§ How to complete this task
In the data below, find the line containing "Cute Elephant Christmas", then set down that line and every later line up to and including the line containing "Seven Seas Smooth", exactly.

§ Task material
= = = =

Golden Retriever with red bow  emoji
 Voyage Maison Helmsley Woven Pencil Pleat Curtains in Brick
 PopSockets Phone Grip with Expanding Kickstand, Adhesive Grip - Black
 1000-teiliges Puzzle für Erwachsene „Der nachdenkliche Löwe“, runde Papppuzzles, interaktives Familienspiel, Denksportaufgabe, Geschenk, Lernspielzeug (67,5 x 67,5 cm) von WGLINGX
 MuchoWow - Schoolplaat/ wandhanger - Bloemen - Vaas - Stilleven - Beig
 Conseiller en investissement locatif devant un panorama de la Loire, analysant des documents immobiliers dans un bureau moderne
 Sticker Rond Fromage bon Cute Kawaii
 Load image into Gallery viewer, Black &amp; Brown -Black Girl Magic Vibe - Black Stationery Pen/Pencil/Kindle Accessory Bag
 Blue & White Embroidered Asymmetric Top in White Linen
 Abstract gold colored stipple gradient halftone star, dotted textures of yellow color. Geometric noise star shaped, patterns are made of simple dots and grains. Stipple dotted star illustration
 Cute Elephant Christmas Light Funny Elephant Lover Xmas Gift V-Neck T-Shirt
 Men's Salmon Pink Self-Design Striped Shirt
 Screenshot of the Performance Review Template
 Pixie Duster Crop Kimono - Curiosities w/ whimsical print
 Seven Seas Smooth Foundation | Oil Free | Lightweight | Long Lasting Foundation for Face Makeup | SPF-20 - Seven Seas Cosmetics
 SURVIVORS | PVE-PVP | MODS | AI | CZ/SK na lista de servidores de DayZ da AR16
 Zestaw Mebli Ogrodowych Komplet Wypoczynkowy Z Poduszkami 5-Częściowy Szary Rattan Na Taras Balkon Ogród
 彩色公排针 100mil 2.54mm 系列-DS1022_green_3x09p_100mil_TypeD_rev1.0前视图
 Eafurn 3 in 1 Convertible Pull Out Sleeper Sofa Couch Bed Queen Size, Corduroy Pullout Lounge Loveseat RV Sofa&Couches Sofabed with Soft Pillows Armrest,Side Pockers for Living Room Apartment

= = = =

§ Written reply
 Cute Elephant Christmas Light Funny Elephant Lover Xmas Gift V-Neck T-Shirt
 Men's Salmon Pink Self-Design Striped Shirt
 Screenshot of the Performance Review Template
 Pixie Duster Crop Kimono - Curiosities w/ whimsical print
 Seven Seas Smooth Foundation | Oil Free | Lightweight | Long Lasting Foundation for Face Makeup | SPF-20 - Seven Seas Cosmetics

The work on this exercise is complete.